Supposing that the Constitution "codified" all that people have a right to do is just silliness--and stands the matter on its head. Generally, each of us has the liberty to do whatever is not prohibited. Looking in the Constitution for a right to do this or that, including the right to kill babies as you would put it, is a fool's errand. The real inquiry is the scope of the Constitution's protection of the rights of "persons." The women whose bodies you would like to control plainly are "persons," and the Constitution affords them liberties and rights to do what they will with their bodies notwithstanding your desires to meddle. The unborn to which you would afford rights is another matter. The drafters did not consider them "persons" within the meaning to the Constitution's provisions of rights.

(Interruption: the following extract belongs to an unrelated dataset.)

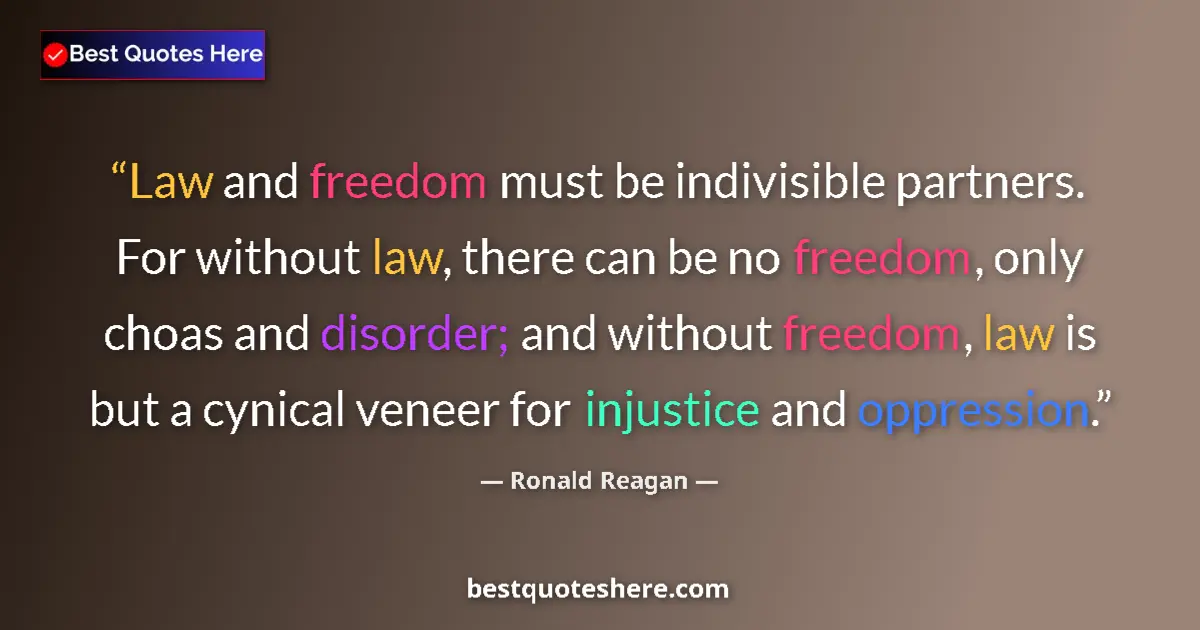 Quote by Ronald Reagan: Law and freedom must be indivisible partners. For without law, there can be no freedom, only choas a...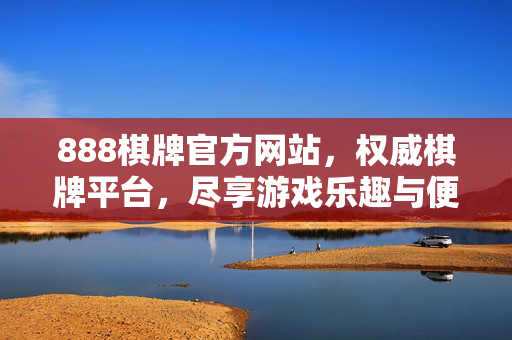 888棋牌官方网站,权威棋牌平台,尽享游戏乐趣与便捷服务 888棋牌官方网站,权威棋牌平台,尽享游戏乐趣与便捷服务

As you "fully understand" the Constitution, you should have a ready response--which so far you have omitted--to the point that the Constitution and 14th Amendment guarantee rights of "persons," and "persons" as understood and intended by the drafters refers to those who have been born. That verbatim right to life you mention pertains to those "persons."
Don't put words in my mouth. It is you who refers to "killing babies" by equating or conflating fetus-baby-person. Precision in use of language would aid discussion. I suggest focusing on the legal term "person" since that is the term that drives the analysis of legal rights under the Constitution. As for your notion of judicial activism, you have it backwards. The Court based its decision on the original intent of the drafters of the Constitution and 14th Amendment. You are the one now advocating--two centuries later--that medical and scientific advances should instead guide our interpretation of the Constitution.